((
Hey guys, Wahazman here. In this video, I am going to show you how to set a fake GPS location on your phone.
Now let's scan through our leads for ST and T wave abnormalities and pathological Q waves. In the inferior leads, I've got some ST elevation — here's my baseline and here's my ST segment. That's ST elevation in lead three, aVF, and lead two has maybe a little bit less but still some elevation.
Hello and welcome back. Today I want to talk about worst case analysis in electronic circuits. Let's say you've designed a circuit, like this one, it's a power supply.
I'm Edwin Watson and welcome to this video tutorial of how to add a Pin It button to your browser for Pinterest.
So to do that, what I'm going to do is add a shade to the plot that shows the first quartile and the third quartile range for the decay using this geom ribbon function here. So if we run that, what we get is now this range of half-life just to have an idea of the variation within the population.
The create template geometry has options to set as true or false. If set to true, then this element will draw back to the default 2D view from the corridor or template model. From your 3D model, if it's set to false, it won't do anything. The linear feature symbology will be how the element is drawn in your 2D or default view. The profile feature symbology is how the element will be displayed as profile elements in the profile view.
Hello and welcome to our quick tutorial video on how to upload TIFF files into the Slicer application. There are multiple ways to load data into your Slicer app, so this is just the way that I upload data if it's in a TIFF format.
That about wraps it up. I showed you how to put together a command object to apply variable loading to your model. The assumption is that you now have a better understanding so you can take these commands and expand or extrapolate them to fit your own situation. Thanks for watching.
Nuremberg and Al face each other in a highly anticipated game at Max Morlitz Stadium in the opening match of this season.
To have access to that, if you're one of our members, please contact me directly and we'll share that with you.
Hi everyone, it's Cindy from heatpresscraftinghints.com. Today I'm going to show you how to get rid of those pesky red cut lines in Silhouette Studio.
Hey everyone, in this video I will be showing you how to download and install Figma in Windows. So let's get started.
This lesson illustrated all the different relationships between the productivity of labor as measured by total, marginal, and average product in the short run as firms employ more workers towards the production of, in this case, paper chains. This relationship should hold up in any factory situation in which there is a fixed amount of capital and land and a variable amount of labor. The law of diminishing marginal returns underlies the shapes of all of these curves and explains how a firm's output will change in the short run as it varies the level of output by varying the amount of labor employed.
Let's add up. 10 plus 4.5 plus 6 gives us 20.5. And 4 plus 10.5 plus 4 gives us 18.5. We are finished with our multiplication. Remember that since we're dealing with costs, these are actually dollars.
))
Every line that holds the string "your" must be copied from the records above.

Answer box =
Hey guys, Wahazman here. In this video, I am going to show you how to set a fake GPS location on your phone.
I'm Edwin Watson and welcome to this video tutorial of how to add a Pin It button to your browser for Pinterest.
The create template geometry has options to set as true or false. If set to true, then this element will draw back to the default 2D view from the corridor or template model. From your 3D model, if it's set to false, it won't do anything. The linear feature symbology will be how the element is drawn in your 2D or default view. The profile feature symbology is how the element will be displayed as profile elements in the profile view.
Hello and welcome to our quick tutorial video on how to upload TIFF files into the Slicer application. There are multiple ways to load data into your Slicer app, so this is just the way that I upload data if it's in a TIFF format.
That about wraps it up. I showed you how to put together a command object to apply variable loading to your model. The assumption is that you now have a better understanding so you can take these commands and expand or extrapolate them to fit your own situation. Thanks for watching.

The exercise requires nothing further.